Essential Developer Documentation

When you're writing software, it is possible to spend enormous amount of time and energy writing documents intended for other developers. That's a lot of effort for a very small group of people (unless they are actually really your customers as well) and it is bound to be the case that the documentation ages very fast. Over the years I have experimented a lot and seem to have found an approach that I like now, which emphasises lightweight documentation and pinpoints where heavier documentation is needed. For what it is worth here's a summary of how I approach it.

Firstly, we try to avoid writing documentation at all. So we should adopt Clean Code principles for naming variables (so that variable names explain their function in terms of the business domain). The idea is that well-chosen variable names can often make the motivation behind the code very straightforward, eliminating the need for any other documentation. It also has the great advantage that Refactoring can guarantee that any improvements in the choice of name are reliably substituted everywhere the name is used, eliminating one of the commonest source of errors. If practised well, this becomes all the documentation a developer needs at the method level.

Next, we use in-line documentation systems such as javadoc, doxygen, ndoc etc. I am not a huge fan of these systems but they certainly have their place. In the special case of writing library code very helpful indeed because the end-users are developers and this is an effective way of writing the user docs. To make this approach work more generally, the documentation should be automatically built and updated by the build/CI system and the usual 0 warnings policy should be implemented. I recommend using in-line docs for the class and package level but not at the method level. This is because method-by-method documentation is a great deal of work and the benefit is marginal. By this I simply mean that a function called (say) reversedStringCopy isn't improved by an explanation that it returns a copy of a string but with the characters in reverse order.

The third form of in-place documentation I recommend are Folder Summaries (e.g. SUMMARY.md).
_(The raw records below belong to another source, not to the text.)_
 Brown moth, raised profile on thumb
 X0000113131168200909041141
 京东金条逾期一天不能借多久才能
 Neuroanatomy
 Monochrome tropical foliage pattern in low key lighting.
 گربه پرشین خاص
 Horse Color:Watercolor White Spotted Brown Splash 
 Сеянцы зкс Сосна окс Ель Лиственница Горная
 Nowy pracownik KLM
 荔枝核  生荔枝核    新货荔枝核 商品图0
The basic idea is that you provide a readable summary of the folder contents, typically in markdown/kramdown, YAML or plain-text, describing the purpose of this folder and a brief summary of the files and folders found here. You don't create these dogmatically for every folder in your code-base. But it should provide an overview of the entire structure of the system. e.g. Here's a markdown version.

Summary: The source code for the project

Description


This folder contains both the Java source code and any static resources (images, text strings) that are intended to be packaged in the deployment jar file. Large static resources or resources that we might want to configure on a per-site basis should not go in here but in the ${PROJ_CODE_NAME}/resources folder.

Contents


  • Makefile - Provides a one-stop shop for project-related command in this folder.
  • makefile.p - The Python3 script that does the heavy lifting for the build.
  • cpp - Folder containing the C++ implementation files.
  • hpp - Folder containing the C++ header files.
  • _build - Folder in which the build products are deposited.
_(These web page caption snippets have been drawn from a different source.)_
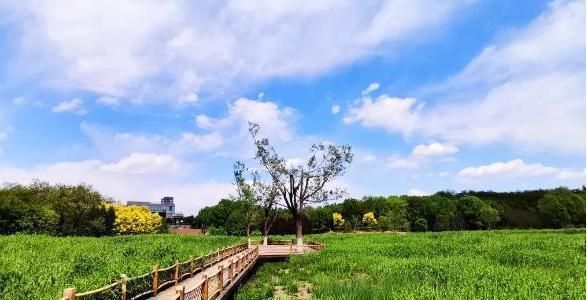 桁架展区中医 建筑效果图设计 第4张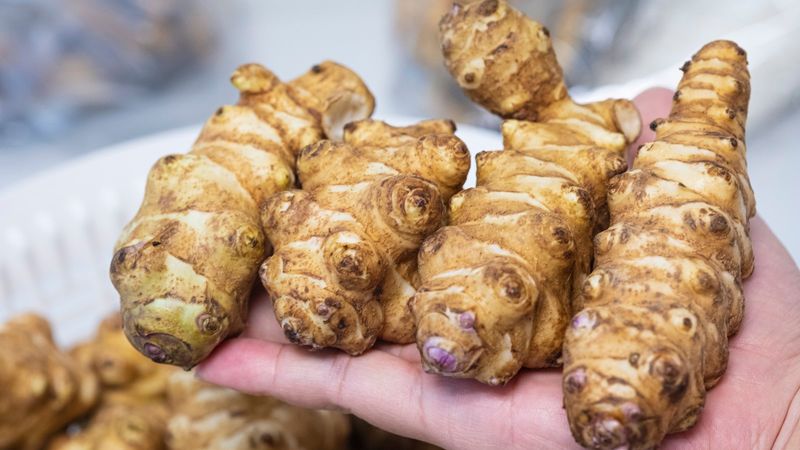 Jerusalem Artichokes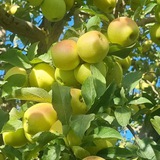 باغداری بهتر☘️agri.kuod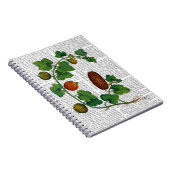 スカッシュつる植物3 ノートブック (右側)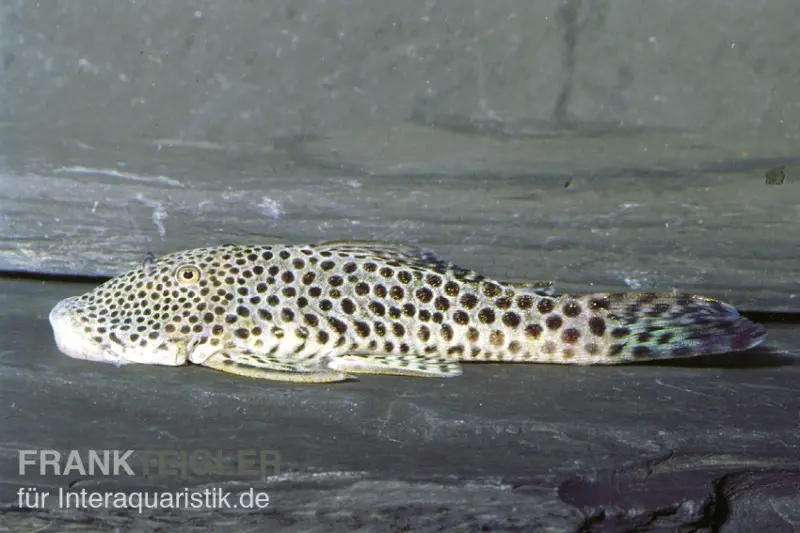 Punktierter Gebirgsharnischwels, L148, L445, Chaetostoma sp.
[ASIDE: These days I am increasingly inclined to provide a Makefile in every folder that acts as a collection of folder-local commands i.e. more of a one-file collection of scripts than as a build tool. Running 'make' lists all the targets (i.e. commands). So if I wanted to add the folder description in a more machine-processable format (e.g. JSON) I would arrange that "make summary" would show the summary in a readable format. In fact it might be a good idea to put the text in the Makefile.]

Now I also recommend having a (developer) wiki for each project. Unfortunately, there's no ideal wiki to the best of my knowledge and the situation is so bad that I am constantly on the verge of writing a 'better' wiki. But the advantage of instant, shared editing outweighs the disadvantages. An ideal wiki should have its back-end store exposed via git (or near offer) so that the files can be processed programmatically. Should the docs repo be shared with the code or not? My own view is that it should be in a different repository as the devs do not want to be repeatedly merging because the docs changed - GitHub puts the documents in a separate (bare) branch, which actually works too, although I find it a bit clumsy.

Whatever it is, the wiki should contain the following three documents as the base.

  • <My Project> Home - a single page describing where all the project resources can be found - the version control system, the release archive, the project roadmap etc etc etc. It should be headlined by the project vision, a short description of the purpose of the project.
  • Developer Startup for <My Project> - what a developer has to do to get a working development environment for the software. I would expect this to be a single wiki page.
  • Architecture of <My Project> - high level organisational view, dynamic and static perspectives, and evolutionary plan. Ranges from a sentence to many pages.

Of these three, only "Architecture" is likely to confuse; it is a much abused word. But as far as I am concerned, "architecture" is a description of the project in terms of process (or process-like concepts such as threads or coroutines), the communication channels between processes, data stores, and the encoding of data on the channels. In particular, it excludes the functions that the system carries out. Hence an architecture describes the structure for performing functions but not the functions themselves.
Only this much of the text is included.